> Assignment: All of the data goes into your copy exactly as written. Images do not.

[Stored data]
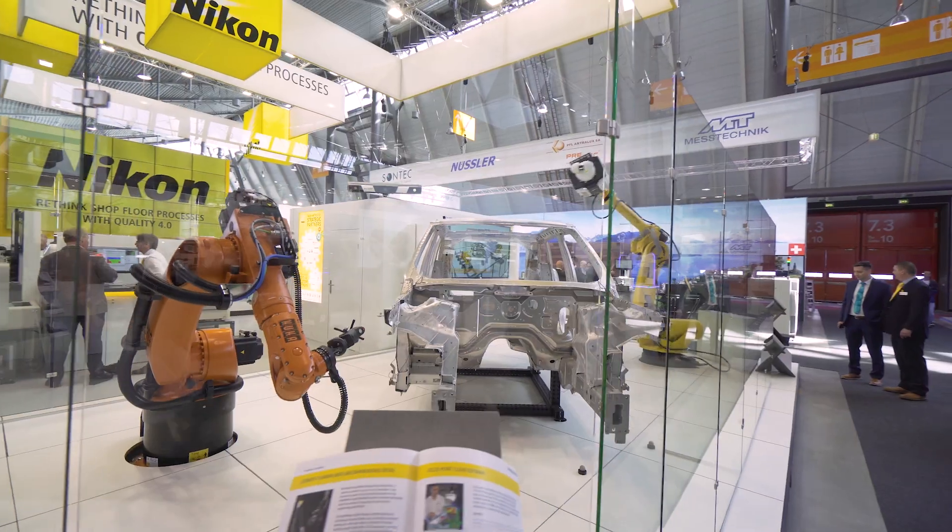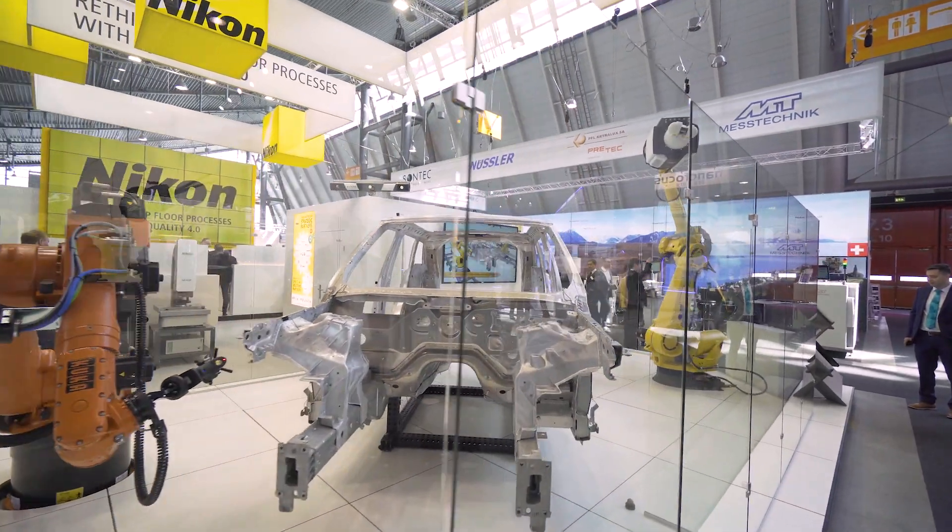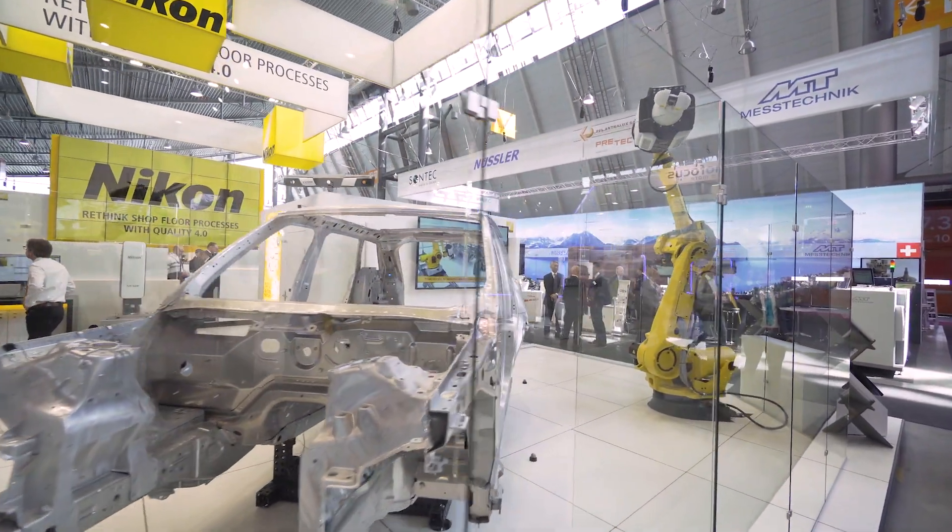The existing automotive customer base sees the benefit in pre-series production, where they can measure most cars through an automated absolute measurement system, and in post-job one, where they do not have to take the underbody or body in white out of the assembly process.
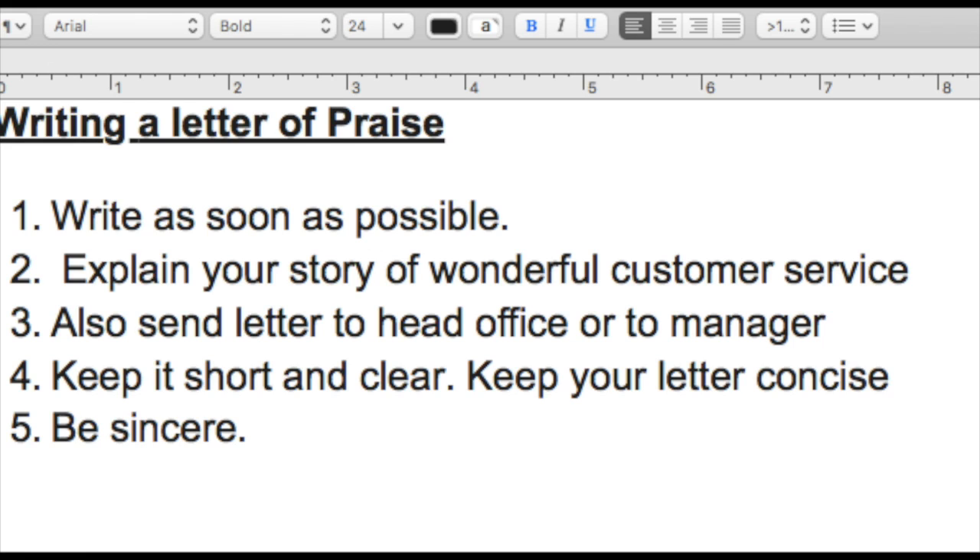When writing a letter of praise, I'm going to ask you guys to write this letter as soon as possible. If you had excellent service at your Olive Garden, do it the next day — don't wait, because do it while it's really fresh in your memory. Explain your story of wonderful customer service. Also send a letter to head office or to the direct supervisor or manager of the store. Keep it short and clear, keep your letter concise, and be very sincere. Often a letter of praise from a customer will perhaps fast-track an employee to manager or a promotion. Also, when that employee sees you the next time, you will get even better customer service, which is always awesome.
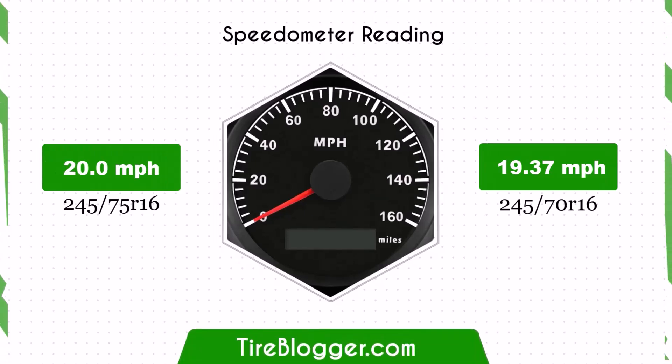With the smaller 245/70R16 tires, the speedometer will read slightly higher than the actual speed. For example, at a speedometer reading of 20 mph, the actual speed will be 19.37 mph.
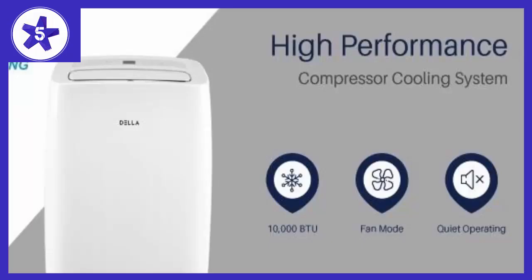Welcome to Channel 5 Stars. In this video I'll be reviewing the Della Remote Control Portable Air Conditioner, 10,000 BTUs.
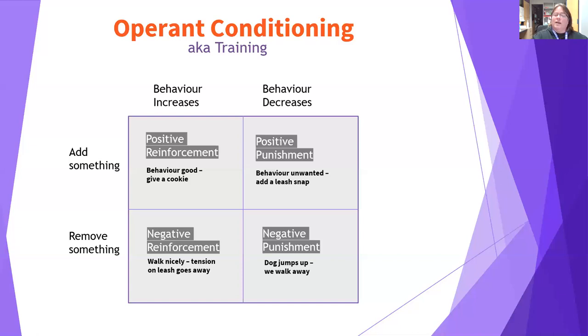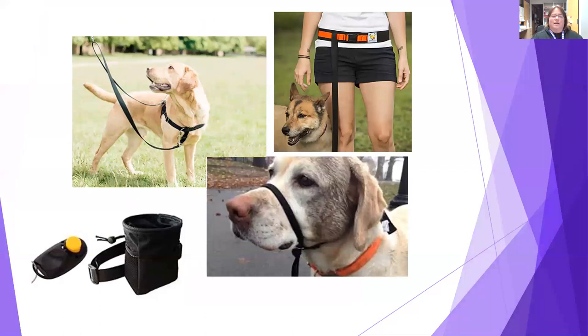We're going to use mostly positive reinforcement. When we see good behaviors, we reward them — whatever that reward means for your dog. In class we start with food, but in the real world it can be play, a toy, a pet, or lots of different things. Reinforcers depend on what your individual dog likes.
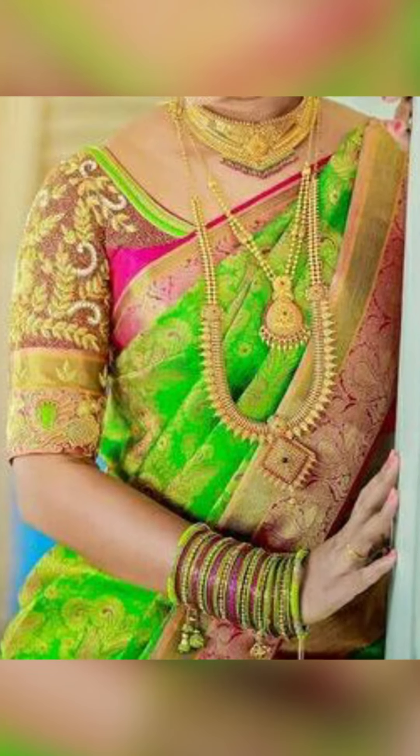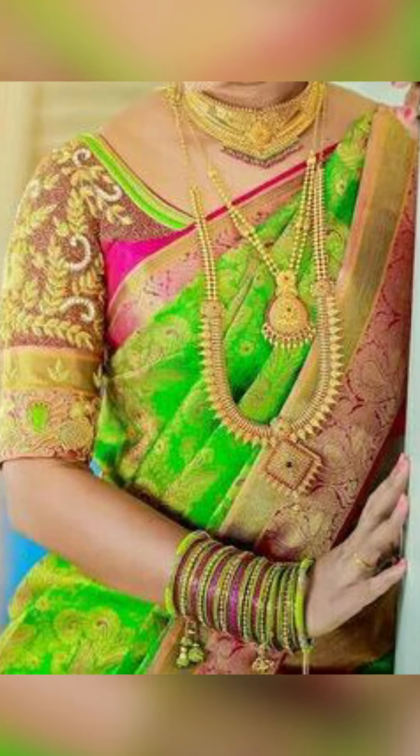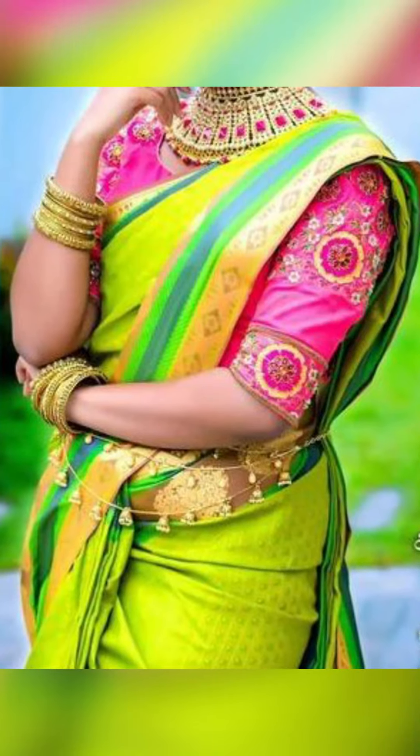Welcome to Fashion Trends. In today's video, we're going to be seeing about how to style yourself in your green suit sari. So let's go.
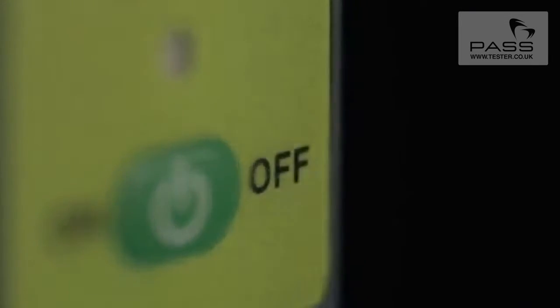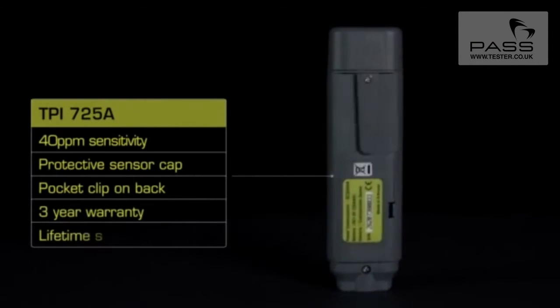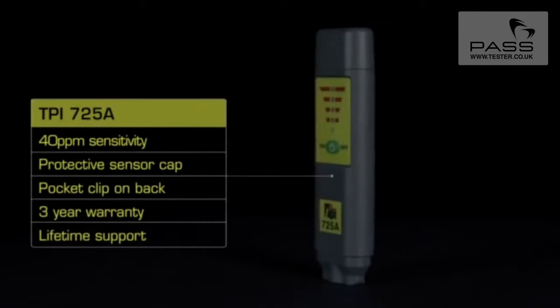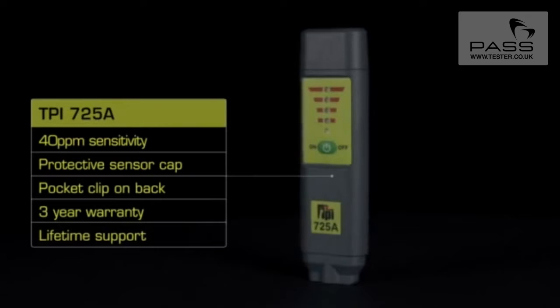It also has the ability to zero out the current detected levels, only reacting to an increase in concentration. This in turn will allow you to pinpoint the source of any leaks. As this is a TPI product, you can be sure you get a quality instrument at a great price, with the added benefit of a 3-year warranty and a lifetime of support.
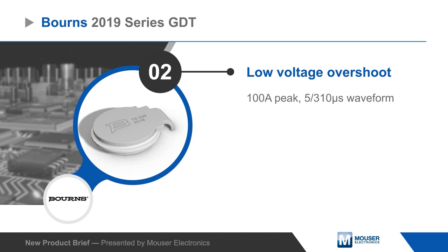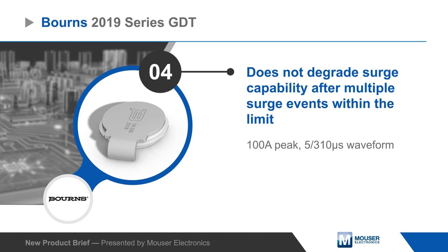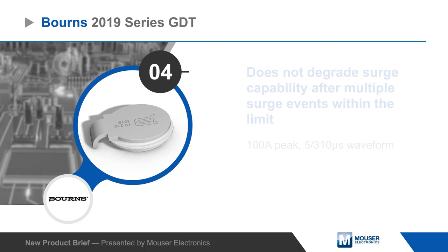The 2019 series is an ITU K12 class 4 GDT that is rated for a maximum impulse discharge of 25,000 amps on an 8 by 20 microsecond waveform and can operate 10 times at up to 20,000 amps. Devices are available with DC breakdown voltages from 90 to 230 volts.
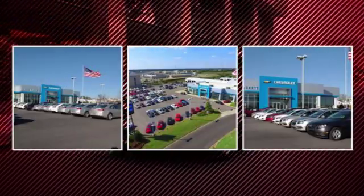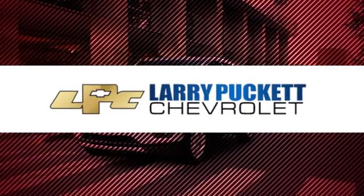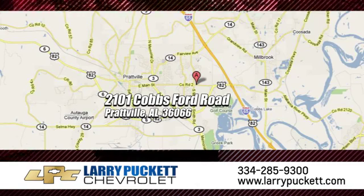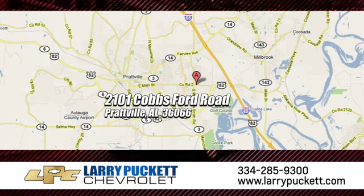There's only one original, and for the last 30 years at Mary Puckett Chevrolet, we've been letting our customers do the talking. We're conveniently located at 2101 Cobbs Ford Road in Prattville, Alabama.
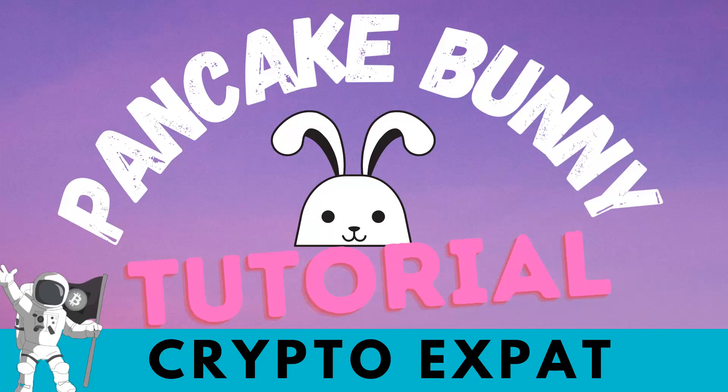Hi, it's your boy CryptoExpat, back with another video. In this video, we're going to do a tutorial on Pancake Bunny. And I want to give away $10 worth of free Litecoin, so stick around, because you're going to win some money and you're going to learn how to earn some of that sweet yield.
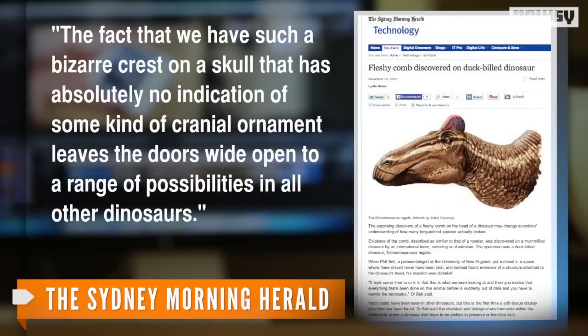The discovery of the fleshy crest is reportedly the first in the plant-eating species, which has been on the books for more than a hundred years. According to Bell, this discovery could change the way we look at dinosaurs in general. Quoted by the Sydney Morning Herald, he said: "The fact that we have such a bizarre crest on a skull that has absolutely no indication of some kind of cranial ornament leaves the doors wide open to a range of possibilities in all other dinosaurs."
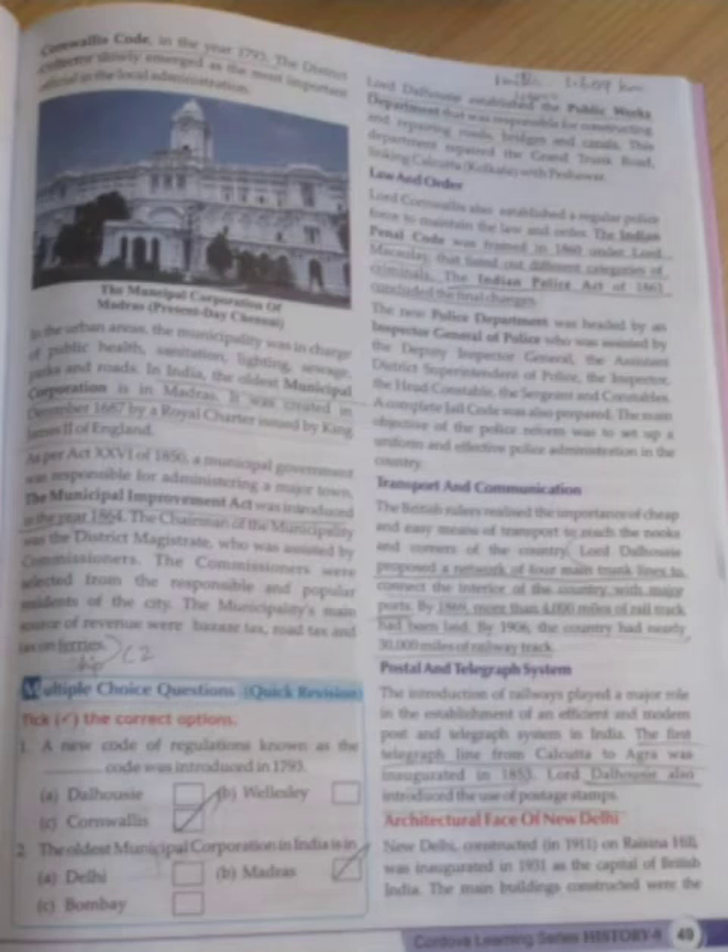Let us see about Transport and Communication. Nowadays we have many roads and railway routes - this was because of the Britishers. They realized the importance of cheap and easy means of transport to reach the nook and corners of the country. Lord Dalhousie made a network of four main trunk lines to connect the interior parts of the country with major ports. By 1869, more than 4,000 miles of railway track had been laid. In the year 1906, the country had nearly 30,000 miles of railway track. Now we have 115,000 kilometers of railway track.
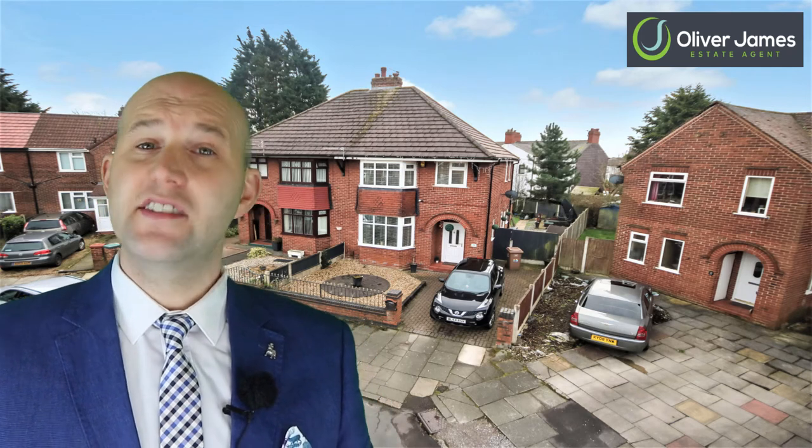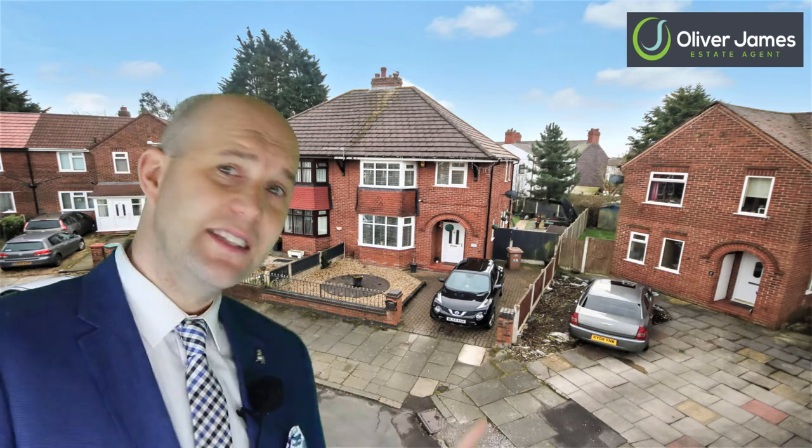Turner Avenue, Earlham. It's just off Moorfield Road and that is in close proximity to the Tesco Express and a few other shops. This home has a beautiful interior, it's bay-fronted, three-bedroom semi-detached home. It has a lot to offer so let's go and have a look inside.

> Response to the exercise:
The existing automotive customer base sees the benefit in pre-series production, where they can measure most cars through an automated absolute measurement system, and in post-job one, where they do not have to take the underbody or body in white out of the assembly process.
When writing a letter of praise, I'm going to ask you guys to write this letter as soon as possible. If you had excellent service at your Olive Garden, do it the next day — don't wait, because do it while it's really fresh in your memory. Explain your story of wonderful customer service. Also send a letter to head office or to the direct supervisor or manager of the store. Keep it short and clear, keep your letter concise, and be very sincere. Often a letter of praise from a customer will perhaps fast-track an employee to manager or a promotion. Also, when that employee sees you the next time, you will get even better customer service, which is always awesome.
With the smaller 245/70R16 tires, the speedometer will read slightly higher than the actual speed. For example, at a speedometer reading of 20 mph, the actual speed will be 19.37 mph.
Welcome to Channel 5 Stars. In this video I'll be reviewing the Della Remote Control Portable Air Conditioner, 10,000 BTUs.
We're going to use mostly positive reinforcement. When we see good behaviors, we reward them — whatever that reward means for your dog. In class we start with food, but in the real world it can be play, a toy, a pet, or lots of different things. Reinforcers depend on what your individual dog likes.
Welcome to Fashion Trends. In today's video, we're going to be seeing about how to style yourself in your green suit sari. So let's go.
It also has the ability to zero out the current detected levels, only reacting to an increase in concentration. This in turn will allow you to pinpoint the source of any leaks. As this is a TPI product, you can be sure you get a quality instrument at a great price, with the added benefit of a 3-year warranty and a lifetime of support.
The 2019 series is an ITU K12 class 4 GDT that is rated for a maximum impulse discharge of 25,000 amps on an 8 by 20 microsecond waveform and can operate 10 times at up to 20,000 amps. Devices are available with DC breakdown voltages from 90 to 230 volts.
There's only one original, and for the last 30 years at Mary Puckett Chevrolet, we've been letting our customers do the talking. We're conveniently located at 2101 Cobbs Ford Road in Prattville, Alabama.
Hi, it's your boy CryptoExpat, back with another video. In this video, we're going to do a tutorial on Pancake Bunny. And I want to give away $10 worth of free Litecoin, so stick around, because you're going to win some money and you're going to learn how to earn some of that sweet yield.
The discovery of the fleshy crest is reportedly the first in the plant-eating species, which has been on the books for more than a hundred years. According to Bell, this discovery could change the way we look at dinosaurs in general. Quoted by the Sydney Morning Herald, he said: "The fact that we have such a bizarre crest on a skull that has absolutely no indication of some kind of cranial ornament leaves the doors wide open to a range of possibilities in all other dinosaurs."
Let us see about Transport and Communication. Nowadays we have many roads and railway routes - this was because of the Britishers. They realized the importance of cheap and easy means of transport to reach the nook and corners of the country. Lord Dalhousie made a network of four main trunk lines to connect the interior parts of the country with major ports. By 1869, more than 4,000 miles of railway track had been laid. In the year 1906, the country had nearly 30,000 miles of railway track. Now we have 115,000 kilometers of railway track.
Turner Avenue, Earlham. It's just off Moorfield Road and that is in close proximity to the Tesco Express and a few other shops. This home has a beautiful interior, it's bay-fronted, three-bedroom semi-detached home. It has a lot to offer so let's go and have a look inside.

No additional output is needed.